Der Gewerkschaftsmann Schmidt ist derzeit amtierender Aufsichtsratsvorsitzender von zwei Bremer Kliniken. Weil Stahl-Manager Klaus Hilker, der zuvor diese Funktion zwei Monate inne hatte, ohne Nachfolger abberufen wurde. Die Gesundheitssenatorin hat ihn in die Wüste geschickt. Die „Phase Hilker“ sei verlorene Zeit gewesen und „peinlich für die Bremer Politik“, sagt Betriebsrat Jochen Killing vom Klinikum Mitte.

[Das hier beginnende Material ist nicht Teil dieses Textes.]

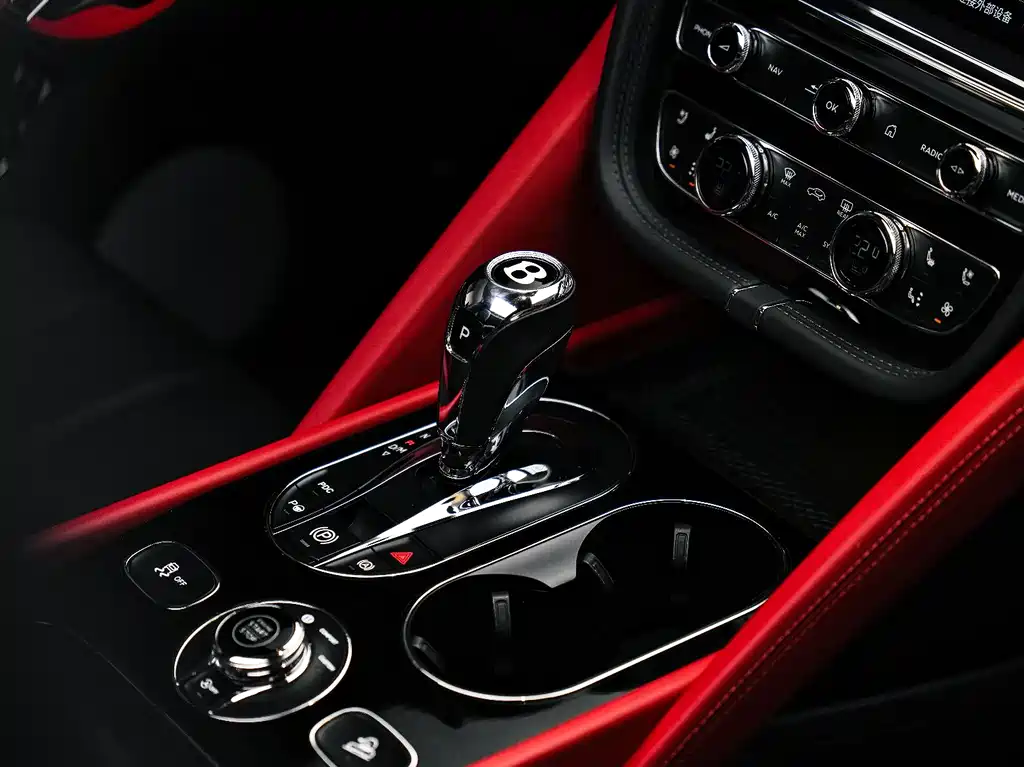 Bentley Bentayga 2023 — фото 11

Auch den anderen beiden Klinik-Aufsichtsräten sitzt der Gewerkschafts-Sekretär, der eigentlich Stellvertreter ist, vor. Wenn man den amtierenden Aufsichtsratsvorsitzenden Schmidt fragt, wie weit das Verfahren um die Bestellung der freien Klinik-Geschäftsführerposten ist, dann berichtet er: Es wird gerade eine Headhunter-Firma engagiert. Der Chefposten beim KlinikumBremen-Ost (KBO) ist mittlerweile schon ein Jahr lang frei, und im Falle des Geschäftsführers des Klinikums Mitte ist auch seit Monaten bekannt, wann er die Altersgrenze erreicht.

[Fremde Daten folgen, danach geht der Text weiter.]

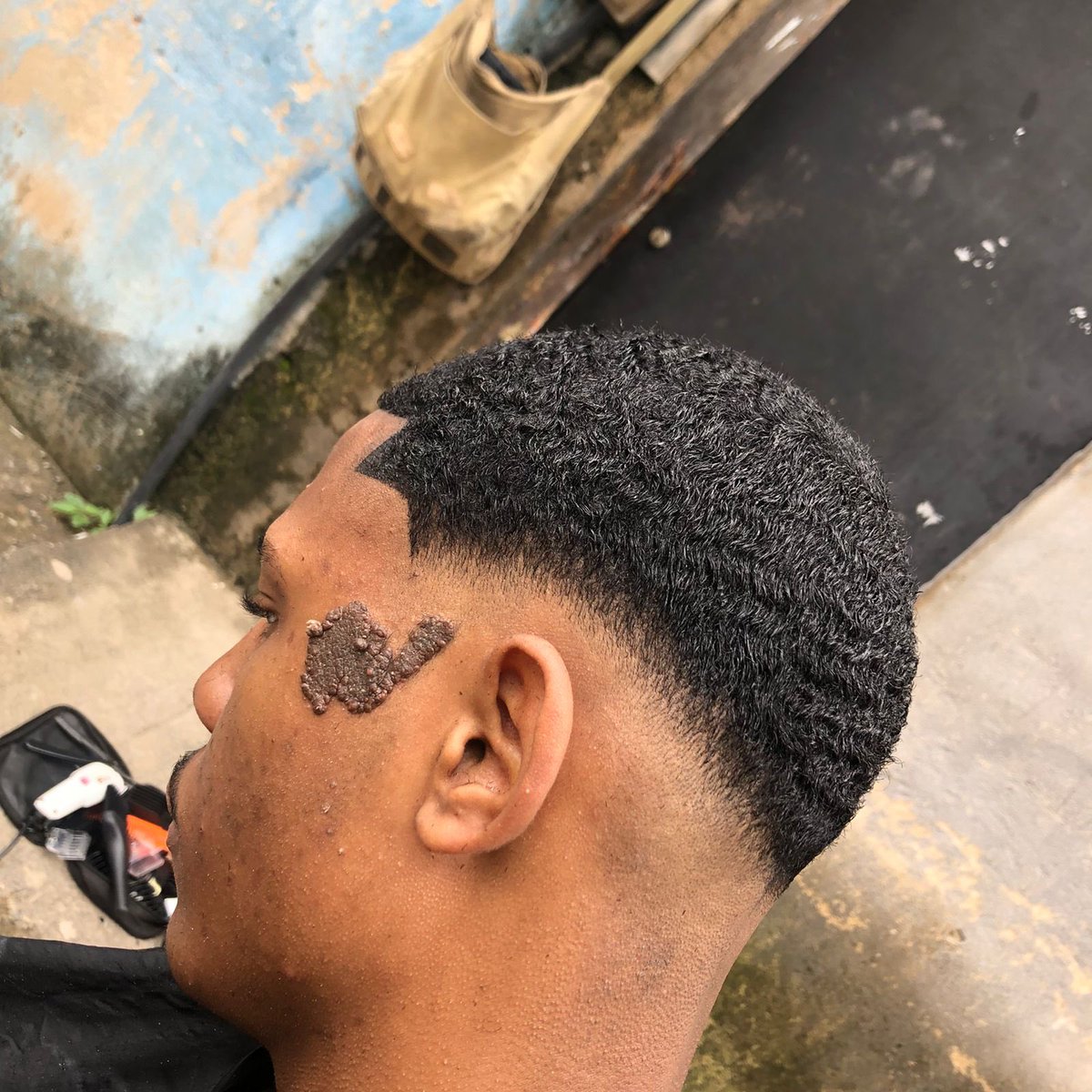 Disfarce De Favela °2020 tweet media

Aber nicht nur diese Leitungspositionen sind frei. Gesucht wird auch eine Pflege-Direktorin für das Klinikum Ost und eine für das Klinikum Nord. Die Pflegeleitungen sind Mitglieder der Klinik-Geschäftsführung.

Ende Juli sollen neue Kandidaten für die Leitung der Holding Gesundheit Nord intern vorgestellt werden. Dann soll es gleich um zwei Positionen gehen. Das ist das Anlass, der die Betriebsräte auf die Palme bringt. „Wir diskutieren über einen Wasserkopf mehr oder weniger“, formuliert das die Betriebsrätin des Klinikums Mitte, Ulrike Mathau – „dafür kriegen Sie sechs OP-Schwestern“, sagt die Betriebsrätin. Wolfgang Tissen kostete rund 300.000 Euro im Jahr. Und OP-Schwestern werden dringend gebraucht.

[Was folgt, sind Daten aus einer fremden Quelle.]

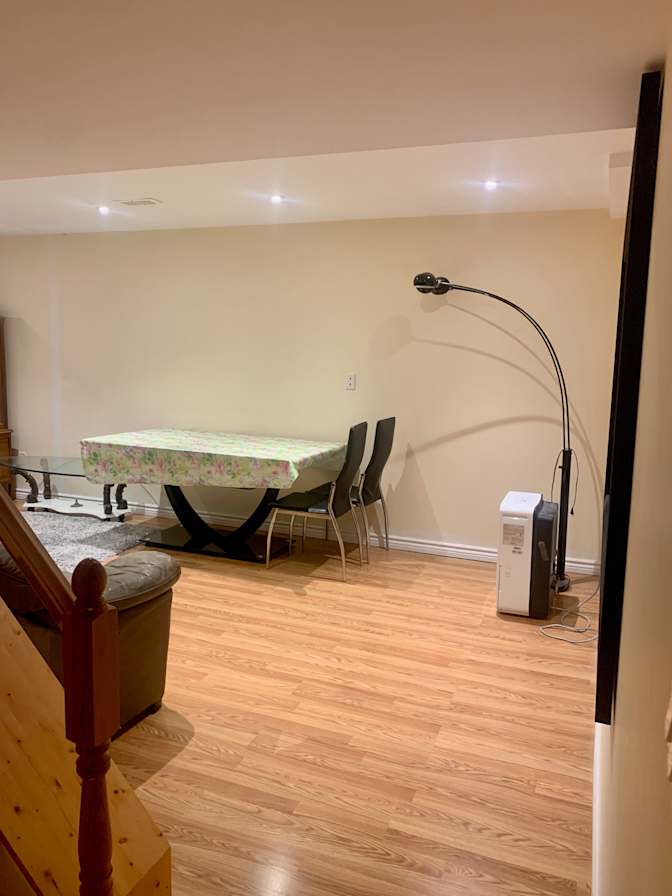 Mahdi's room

Der zweite Holding-Chef soll ein Stück mehr Zentralismus bringen – ohne dass bislang begründet worden wäre, welchem Zweck das dienen soll, monieren die Betriebsräte. Sie haben vor ihrem letzten Treffen mit der Gesundheitsbehörde acht Fragen zu dem Hintergrund dieses Vorschlages gestellt. „Die wurden nicht beantwortet“, sagt Konzernbetriebsrat Peter Erlanson: „Wir haben den starken Mann gehabt, der ist doch gescheitert.“

Warum müssen die Strukturen verändert werden? Gescheitert seien nicht die Strukturen, sondern die von der Gesundheitsbehörde eingesetzten Chefs, sagt Monika Rüßmann vom KBO. Beim Einkauf habe man – schon bevor die Holding bestand – eine Einkaufsgemeinschaft sogar mit den freigemeinnützigen Bremer Kliniken gehabt. Aufgrund eines Streits mit Tissen seien diese aber ausgeschieden. Um Synergieeffekte zu erreichen, müssten die Fachleute kooperieren – nicht fachfremde Chefs Anordnungen treffen, fordern die Betriebsräte. Beim vielfach geforderten „Personalbinnenmarkt“ etwa hätte die Arbeitgeberseite, berichtet Verdi-Mann Schmidt, die Gespräche im Dezember 2006 abgebrochen. Die Gewerkschaft habe lediglich „Besitzstandswahrung“ beim Verschieben von MitarbeiterInnen aus der einen Klinik in die andere gefordert.

Die Betriebsräte stehen aber auch aus einem anderen Grund dem geplanten Zentralismus misstrauisch gegenüber. „Erst haben sie uns das Personal geklaut und 2008 werden sie versuchen, uns an die Gehälter zu gehen“, sagt Betriebsrat Killing.

Wobei gerade „sein“ Betriebsrat beim Klinikum Mitte weitreichenden Personalkürzungen zugestimmt hat, um die Refinanzierung des dringend erforderlichen Neubaus zu sichern. Warum ist die Ausschreibung für die privaten Investoren, die für den letzten Herbst geplant war, nicht längst erfolgt? Die potentiellen Geldgeber verlangen eine „Standorts-Sicherungserklärung“ für das Klinikum Mitte – die Rückflüsse für die Investition sollen in der geplanten Größe staatlich zugesichert werden. Also im Grunde eine Renditegarantie. „Nichts anderes ist es“, sagt Killing. Auch er sähe es lieber, wenn die Investition staatlich finanziert würde. Entscheidend sei aber, dass es endlich losgehe, so Killing.